# A3 from HELL



## Reflectology (Jul 29, 2009)

*Think you might like this one, not only does it show the damaging affects of a popular coating but also how hard it is to remove, on arrival for viewing I was gobsmacked at the state of it but once work started it was just a sheer drop in mental forgiveness for those that do things like this.

Anyway on with the job in hand.

A few arrival shots prior to work commencing.
































































Yes, its sprayable vinyl (wont say which one, if there are more than one) and removal wasn't exactly easy, plenty of tardis and other grease and grime busting chemicals.

But what had the coating done to the paint, well take a look.





































I think you get the jist, now what i assume is the reason for the catastrophe in the first place, other than the obvious colour change.










Wait for it.










Hold on.










getting there.










Almost.

Oh ok then.









































































Even some broken paint on the bumper.



















Round the other side.









































































Now the shocking realism to this is that the owner had a budget, and that barely stretched to 2 days, so it was finger out and crack on.
































































Now understandably this wasn't going to be overwhelming, single stage with Rotex using both forced drive and eccentric was the quickest way to cut and refine in one simple step.





































It was all then finished off with a couple of coats Defiance Spray Sealant.


























































































































































It was a far stretch to get this something like and it was a challenge but as you can see a very different car indeed.

Thanks for checking.

*​


----------



## StamGreek (Oct 11, 2012)

i guess you know who was the butcher.....the first state fo car was awful...
Top work even in 2 days...well done Russ


----------



## SBM (Jul 4, 2013)

Terrific work in the time given. in my limited experience (mainly TT's and A4's) Audi paint is notoriously hard, so a huge effort :thumb:

Great results.
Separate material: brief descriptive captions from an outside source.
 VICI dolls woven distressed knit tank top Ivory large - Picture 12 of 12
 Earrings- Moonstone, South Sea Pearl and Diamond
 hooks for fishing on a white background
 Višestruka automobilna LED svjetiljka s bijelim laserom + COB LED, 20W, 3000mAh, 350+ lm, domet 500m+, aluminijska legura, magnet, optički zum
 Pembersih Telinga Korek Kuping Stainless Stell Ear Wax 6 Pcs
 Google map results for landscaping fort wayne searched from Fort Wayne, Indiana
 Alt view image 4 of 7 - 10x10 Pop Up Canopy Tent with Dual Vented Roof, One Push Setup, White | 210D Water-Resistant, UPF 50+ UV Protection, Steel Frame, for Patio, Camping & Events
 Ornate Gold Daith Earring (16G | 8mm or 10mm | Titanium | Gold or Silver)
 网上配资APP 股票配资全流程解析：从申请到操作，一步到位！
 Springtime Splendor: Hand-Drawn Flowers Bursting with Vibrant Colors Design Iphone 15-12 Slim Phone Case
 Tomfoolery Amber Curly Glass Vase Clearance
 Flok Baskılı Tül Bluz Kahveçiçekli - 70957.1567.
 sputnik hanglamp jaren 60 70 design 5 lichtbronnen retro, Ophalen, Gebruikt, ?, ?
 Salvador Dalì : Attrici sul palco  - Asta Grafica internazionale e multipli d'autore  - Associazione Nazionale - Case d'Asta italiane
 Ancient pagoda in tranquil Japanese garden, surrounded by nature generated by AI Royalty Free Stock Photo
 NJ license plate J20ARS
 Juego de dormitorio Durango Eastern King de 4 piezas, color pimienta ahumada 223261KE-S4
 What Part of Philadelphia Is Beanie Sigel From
I am sure the owner was over the moon.:argie:

Ben


----------



## james_death (Aug 9, 2010)

Cracking turn around...:thumb:


----------



## TonyH38 (Apr 7, 2013)

Looks good nice result.


----------



## muzzer (Feb 13, 2011)

That was quite impressive, to leave a car looking like that is......well i would be fuming if i was the owner. Top work though Russ, very nicely done indeed. :thumb:


----------



## yetizone (Jun 25, 2008)

Wow - amazing work for a two day turn around, especially with the paint being so poor - plus VAG paint to address as well, so hard as nails to correct :thumb:


----------



## Guru (Aug 28, 2013)

Errr....I am unable to come to grips with the state of the car when it landed. I mean what the......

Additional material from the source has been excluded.